Justice Rothstein took to the podium and looked to establish his Montreal connections by playing a little Jewish geography, thanks to his Montreal-born wife Sheila. Also, he highlighted his connection to Alan B. Gold in a brilliantly witty story which included reference to the “doctor who refused my mother’s request to have me aborted!”

He then turned to the Supreme Court and instead of a dry, academic lecture, delivered stories about nudity, including hilarious tales about the judges’ robes, highlighted by the use of the now infamous phrase “wardrobe malfunction.”

Finally Justice Rothstein turned to the crux of his speech, which was about the appointment of Supreme Court Justices and his experience. He described the ins and outs of the process, including the arduous preparation for the parliamentary hearing, and the lessons he took from the U.S. versions of the hearings. He found the hearing very civil in tone, with difficult but fair questions.

Justice Rothstein felt that the hearing process, while controversial, was open and fair. He felt the positives outweighed the negatives. He truly hoped the civility would continue in the future and that we would not be reduced the U.S. Senate-style hearings because Canadians don’t want that. He concluded by saying what an honour it had been to be at the Lord Reading that night.

Justice Rothstein shone through the question period as well, continuing with humour and honesty about the Court. He was thanked by Justice Perry Meyer, who stated that “our government had wisdom and good taste in making this choice (of Justice Rothstein on the S.C.C.).” All those in attendance that night would undoubtedly agree.

Upcoming Events

October 16, 2006 – Annual Hon. Henry Steinberg Memorial Lecture
Guest: Dr. Norbert Westenberger
Topic: The Fate of Jewish Lawyers in Germany after 1933

In the early 1930s, 50% of the 5,000 Berlin lawyers were Jewish. During October 2006, an exhibition entitled “Lawyers without Rights” will be on display in Montreal at the Université de Québec.  The exhibition is centered on the glorious phase of Jewish jurists in Germany and documents their collapse and extermination in the Holocaust.  Many perished but some escaped, including some who immigrated to Canada.  Dr. Norbert Westenberger, vice president of the German Bar Association is hosting the opening of the exhibit in Montreal.
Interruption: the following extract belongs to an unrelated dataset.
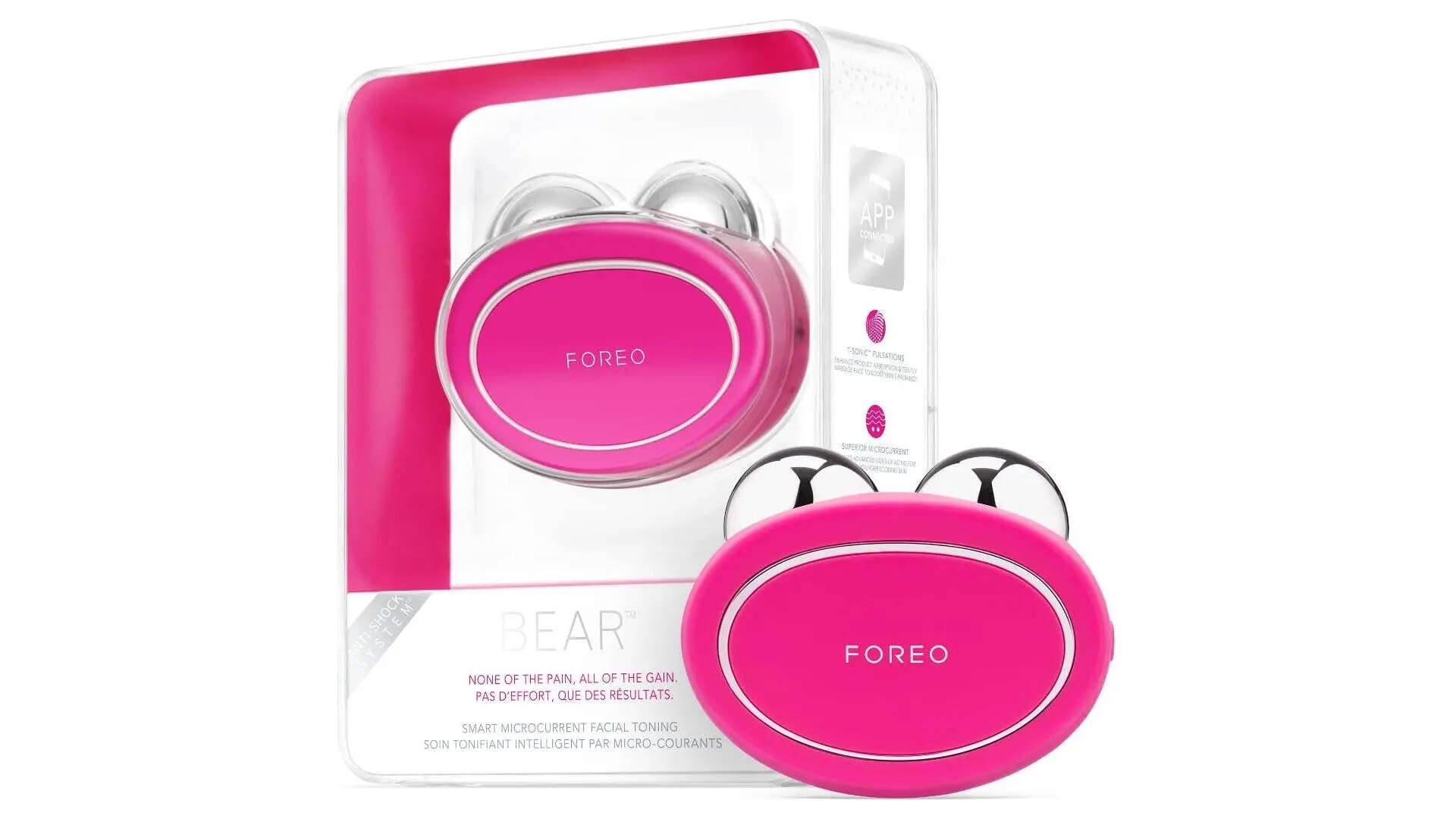 FOREO BEAR App-connected Microcurrent Facial Toning Device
The Society is pleased to welcome Dr. Westerberger in conjunction with this event.

December 5, 2006 – Annual Human Rights Lecture
Honouree: Mr. Fo Niemi, co-founder of the Centre for Research-Action on Race Relations (CRARR)

Society Humour

Sex and the Ordinary Prudent Person

Doe v. Moe, a May 2005 Massachusetts appellate case, gives a whole new meaning to the idea of safe sex. A guy sued his long-time girlfriend (ex-girlfriend?) for negligence when an ill-advised change in position during consensual intercourse resulted in him suffering a fractured penis. (You’ll have to go read the opinion to get the details about how the accident occurred.)

In a case of first impression, the court struggled to arrive at an appropriate and workable standard of care to apply to private consensual sexual conduct. The court noted:
There are no comprehensive legal rules to regulate consensual sexual behavior, and there are not commonly accepted customs or values that determine parameters for the intensely private and widely diverse forms of such behavior.

Accordingly, the court concluded that the general negligence standard of reasonable care under the circumstances was inappropriate for consensual sex-physical injury cases. Instead, the court said the plaintiff needed to show conduct rising to the level of “wanton or reckless.” The court opined that while the trial record might support a finding that the defendant’s conduct exposed plaintiff to a risk of harm, it did not support a finding of wanton or reckless conduct.

Doe v. Moe, 827 N.E.2d 240 (Mass. Ct. App. 2005)



Congratulations to Andrew Brighten, recipient of the Lord Reading Law Society Prize for the 2005-2006 academic year at the McGill faculty of law.


Condolences to the Stein family, on the death of Samuel Stein.